The use of passports or fingerprints to clear immigration could become a thing of the past for Singaporean travellers, with a trial under way at the Tuas Checkpoint that uses iris and facial images.
With the new contactless immigration clearance system, travellers with faded fingerprints or those burdened with shopping bags will find clearing immigration a breeze.
The Immigration and Checkpoints Authority (ICA) is conducting a six-month trial that began on April 8, and uses one of the automated arrival lanes in the immigration hall at Tuas Checkpoint.
Upon entering the automated lane, travellers will be prompted to look at the facial and iris scanning screen. The system will capture their facial and iris images and proceed to verify their identity.
A green tick on the screen indicates successful clearance, and the exit gate will open. This completes the immigration clearance process.
While the facial and iris scanning technology is not new and has been used in other places, including Australia and Hong Kong, Singapore is among the first countries to test this contactless immigration clearance system.
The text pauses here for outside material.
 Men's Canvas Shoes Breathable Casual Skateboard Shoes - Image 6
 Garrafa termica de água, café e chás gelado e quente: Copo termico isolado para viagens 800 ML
Besides testing the efficiency and accuracy of the facial and iris matching system, the trial is to assess the time taken for immigration clearance, said Superintendent Derrick Soong, 41, who is head of operations development at the ICA.
The trial will also test whether environmental factors, such as ambient lighting, at the checkpoint will affect the facial and iris matching, said Supt Soong.
“This clearance process will definitely be faster and bring convenience to travellers, as there is no need to present and scan passports,” he said.
Supt Soong told The Straits Times that Singaporeans who use the contactless system can expect faster clearance.
About 300 Singaporeans have taken part in the trial at Tuas since it began. More than 400,000 travellers pass through Singapore’s two land checkpoints a day, with some 280,000 using the Woodlands Checkpoint.
Singapore citizens aged six and above who have passport numbers beginning with the letter K and issued after Jan 1 last year will be eligible for the trial. No prior sign-up is required.
Supt Soong noted that the ICA had been collecting iris images from Singaporeans since 2017 and now has a “sizeable database” to conduct a meaningful trial. Iris images are more permanent than fingerprints, which can wear out over time or become faded.
Mr Faidzal Abdul Razak, 57, who lives in Johor Baru and enters Singapore for work daily, welcomed the new contactless system. Although he finds the new system is currently “a little slow”, he expects that “as time goes on, it will be better”.
Relating his experiences using the passport and fingerprint-scanning system, Mr Faidzal said he had faced difficulty clearing immigration and was asked to proceed to the manned counters – which took more time. He said he often had to press his thumb hard for clearance.
The ICA aims to roll out the contactless clearance system to the rest of the checkpoints if the trial is successful, said Supt Soong.
“Singaporeans who wish to participate in this trial should not wear any coloured, patterned contact lenses or have any wearables that will block their facial and iris images, as these will affect the trial results,” he added.